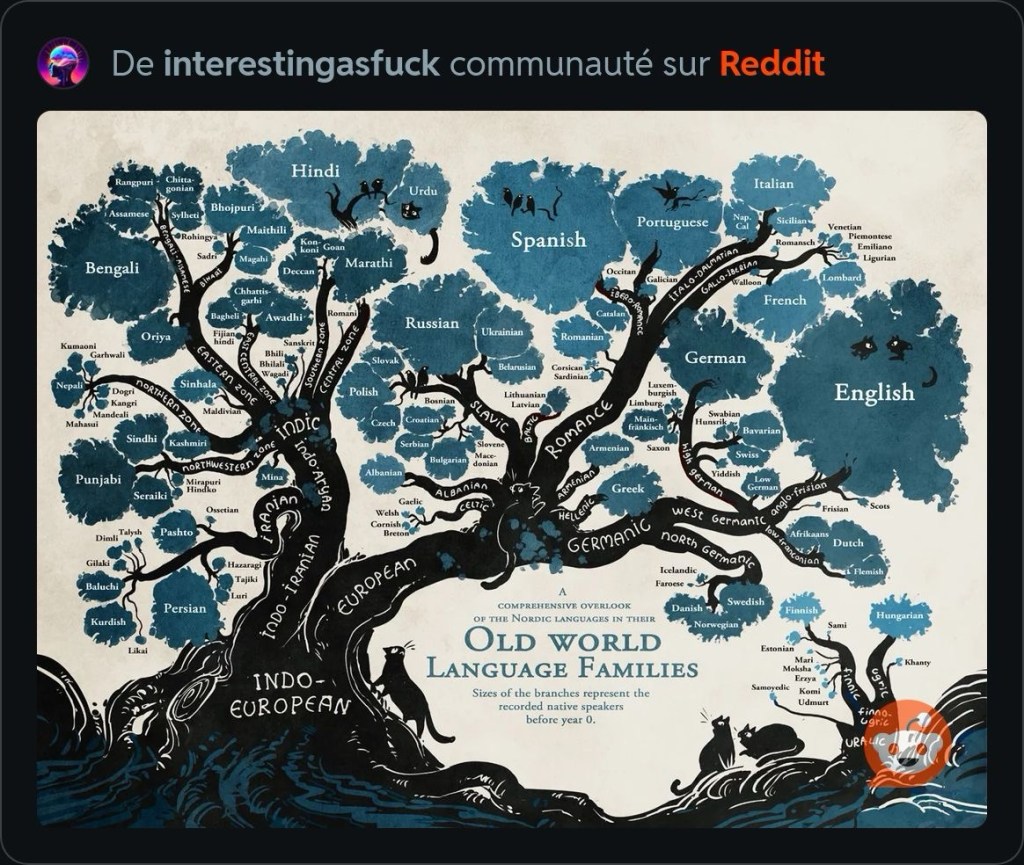 Amitié Amour et Fin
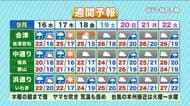 【福島県・9月16日の天気】長雨とヤマセで稲にピンチ！16日もザーザー降りに注意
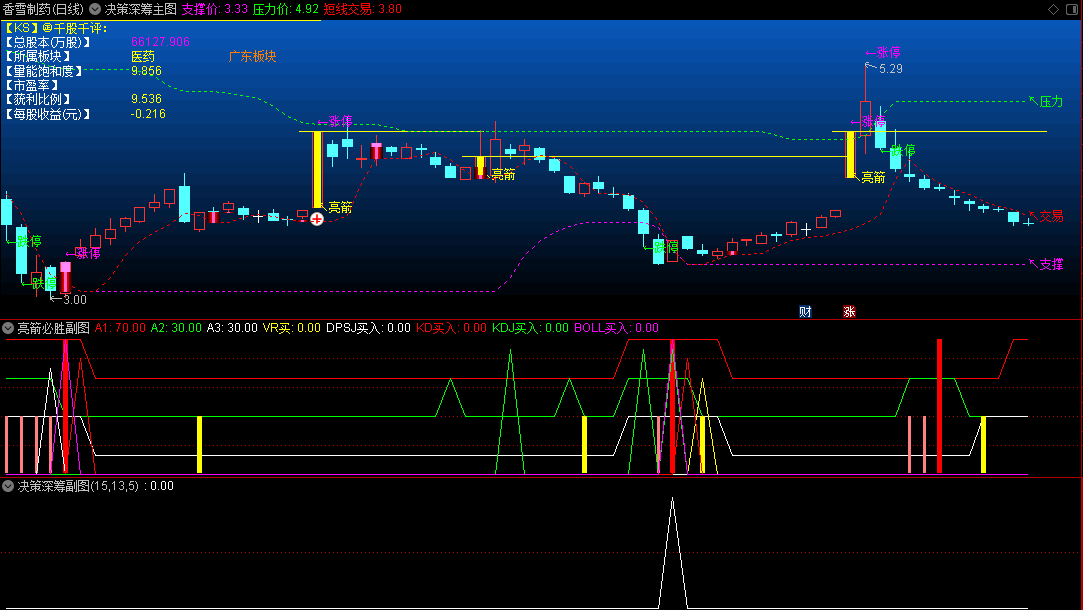 通达信决策深筹主图/副图+亮箭必胜副图指标，套装抓涨公式，来自实际操盘的总结，送给有缘人！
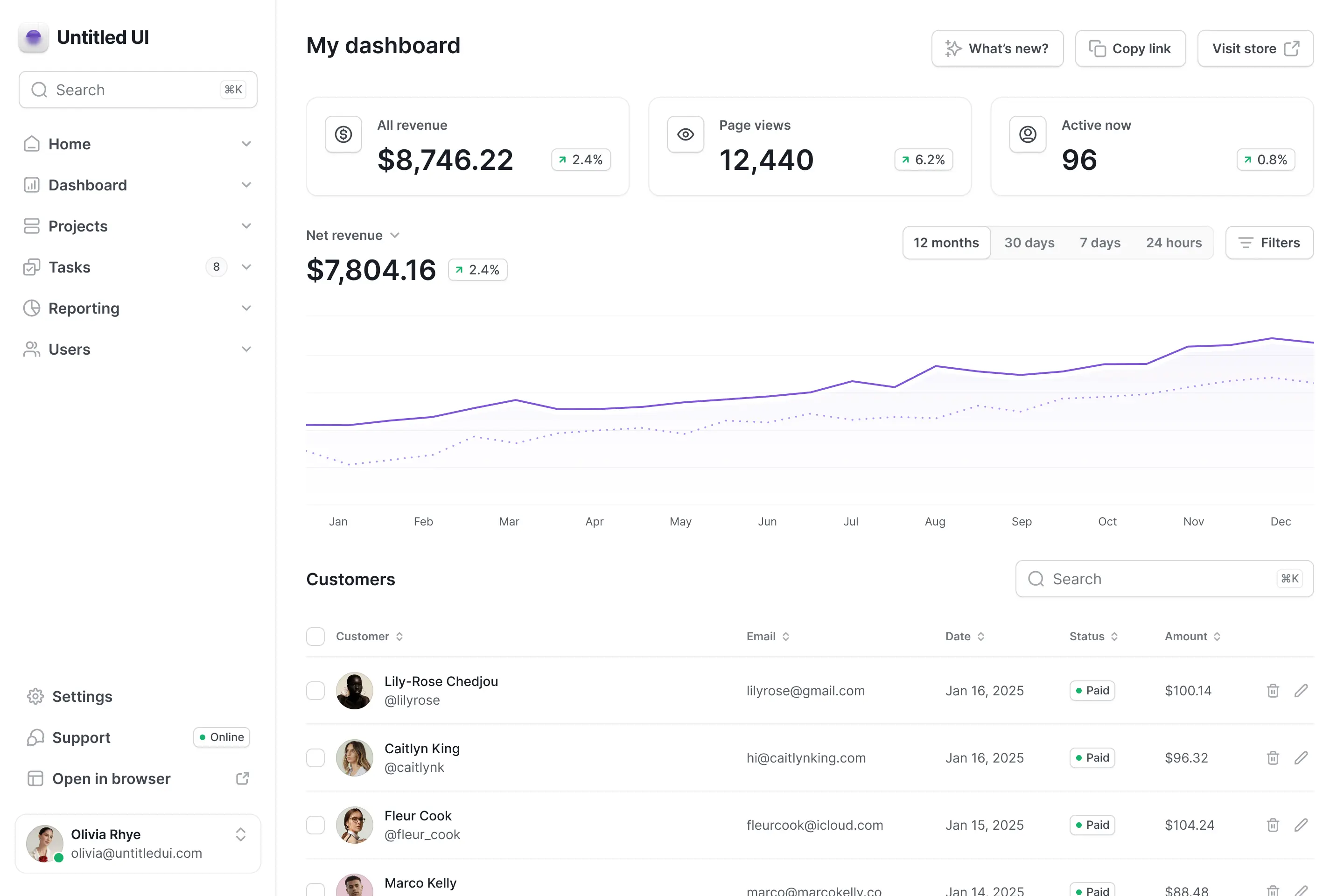 Dashboard mockup showing statistics and account activity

■ Problem to work on:
When you find the line that contains "通达信决策深筹主图/副图+亮", retype it and every line after it through the end of the data above, exactly, with no pictures.

■ Result:
 通达信决策深筹主图/副图+亮箭必胜副图指标，套装抓涨公式，来自实际操盘的总结，送给有缘人！
 Dashboard mockup showing statistics and account activity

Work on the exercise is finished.